- Operation Tvigi 94: Part of the Croat–Bosniak War
| Date | 24 January - 21 February 1994. |
| Location | Prozor-Rama, Bosnia and Herzegovina |
| Result | HVO victory |
| Territorial changes | Capture of the village of Here |

Belligerents
- Herzeg-Bosnia: Bosnia and Herzegovina

Commanders and leaders
- Slobodan Praljak Ante Roso: Rasim Delić

Units involved
- Croatian Defence Council: ARBiH

Strength
- 100–250: 250–400

= Operation Tvigi 94 =

1994 military operation

Operation Tvigi '94 (Croatian: Operacija Tvigi '94) was a military operation during the Croat-Bosniak War which was conducted by the Croatian Defence Council (HVO), it began on 24 January and lasted till February 21 1994. and was a tactical victory for the HVO.
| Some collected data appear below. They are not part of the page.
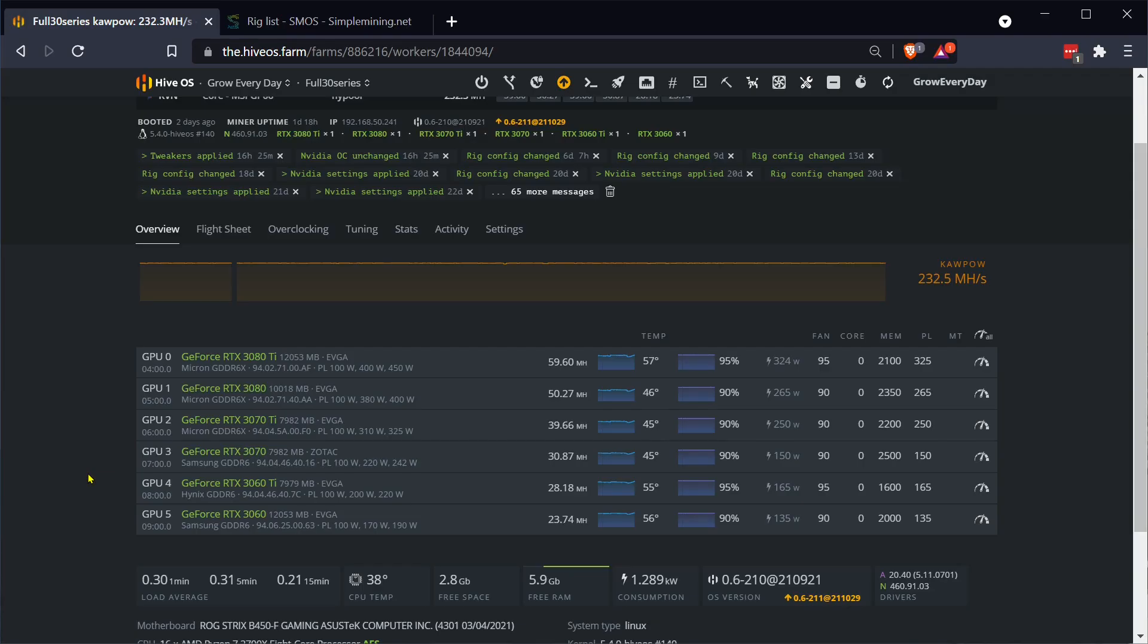Hey guys, what is up? This is Grow Every Day. So I see that NBminer has a much better Ethereum hash rate LHR removal thingy. People say it gets up to 74% and it's supposed to be nice and stable. Stability is what I was looking for before I went over to it. I am going to try it out.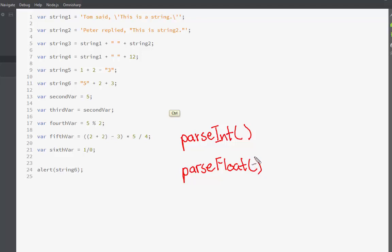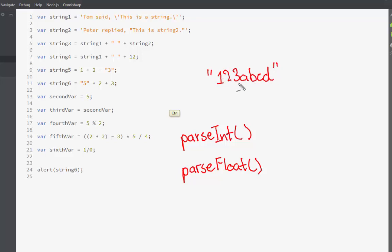What parseInt does is that it takes a certain number of characters or values and looks at each one individually — say seven characters. It goes through each character and determines whether it is a number or a non-numeric literal.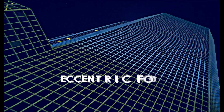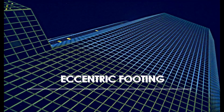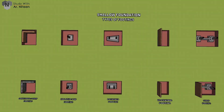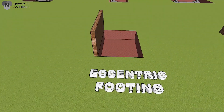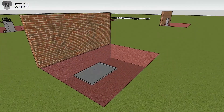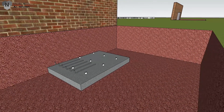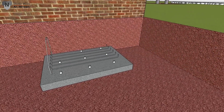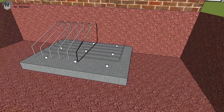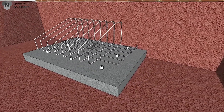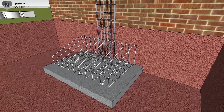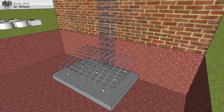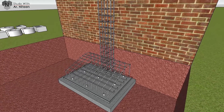Eccentric footing: Footings which support a column eccentrically are called eccentric footings. These are provided where there is an existing adjoining structure or it is the end of the plot. The total load is transferred on one side of the column, so there are chances of overturning, and therefore more steel is provided to balance the loads. The concrete can be cast in rectangular or trapezoidal form.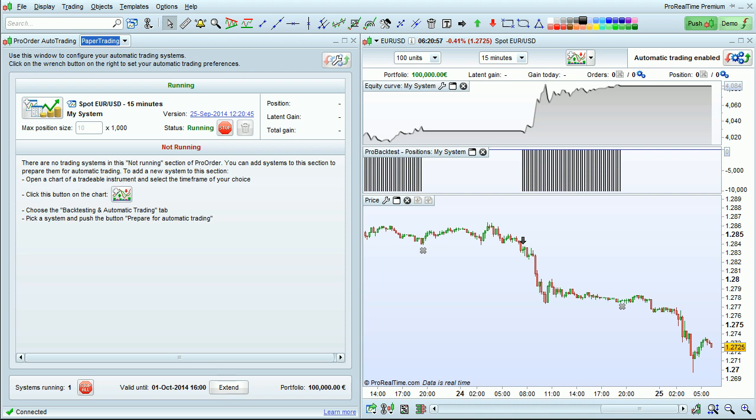The system has started. It will now automatically run on the ProOrder server while I'm at work. I can even turn the platform off if I want.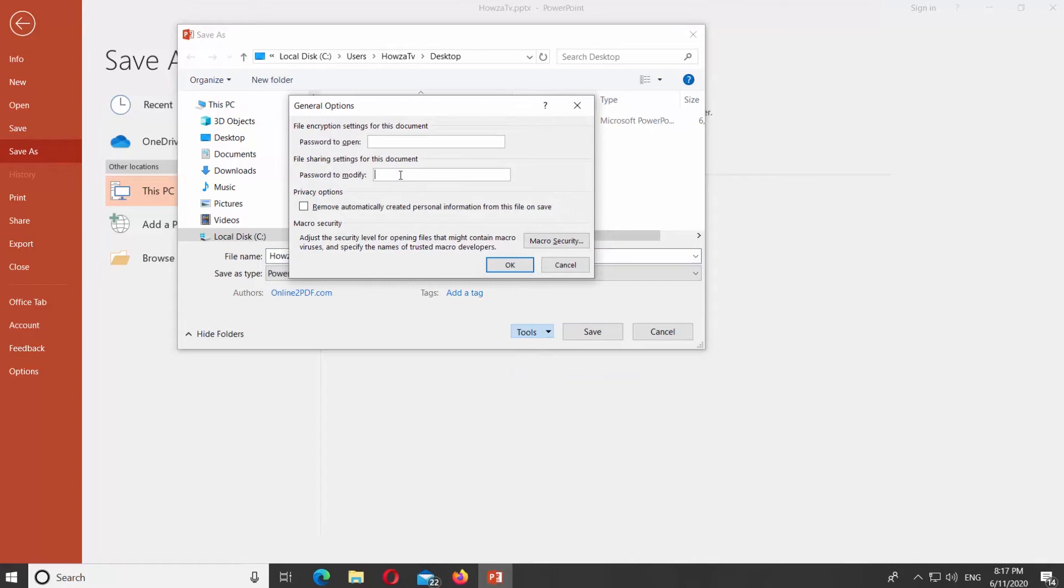Enter the password to modify. Check Remove Automatically Created Personal Information from this file on Save and click OK.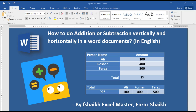Hi guys, welcome back to my channel F Shake Excel Master. Today we are going to learn how to do addition or subtraction in a Word document. This question has been asked to me many times by my friends and subscribers — is it possible? Yes, it is possible, and today we are going to see how we can do it.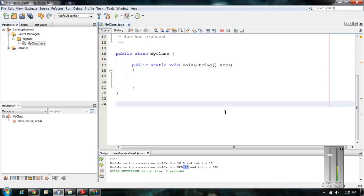Welcome back. In this episode we are going to learn about type conversions in Java. In Java there are two types of type conversions available: the first one is automatic type conversion and the second is manual type conversion. Java will perform automatic type conversion if the source is smaller than the destination. If the source is bigger than the destination, we have to perform a manual type conversion.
HVO forces captured the village of Here from the Army of the Republic of Bosnia and Herzegovina. The operation, carried out by the Rama Brigade, secured a tactical advantage by seizing high ground that allowed the HVO to halt the offensive of the opposing forces in that sector. These territorial changes altered the balance of power on the Rama–Uskoplje front, stabilizing the HVO defensive positions during the final stages of the conflict between the HVO and the Republic of Bosnia and Herzegovina.

According to historian Davor Marijan in his study published by the Croatian Institute of History, this engagement served as a prelude to the diplomatic processes that led to the Washington Agreement, which eventually ended the Croat–Bosniak War.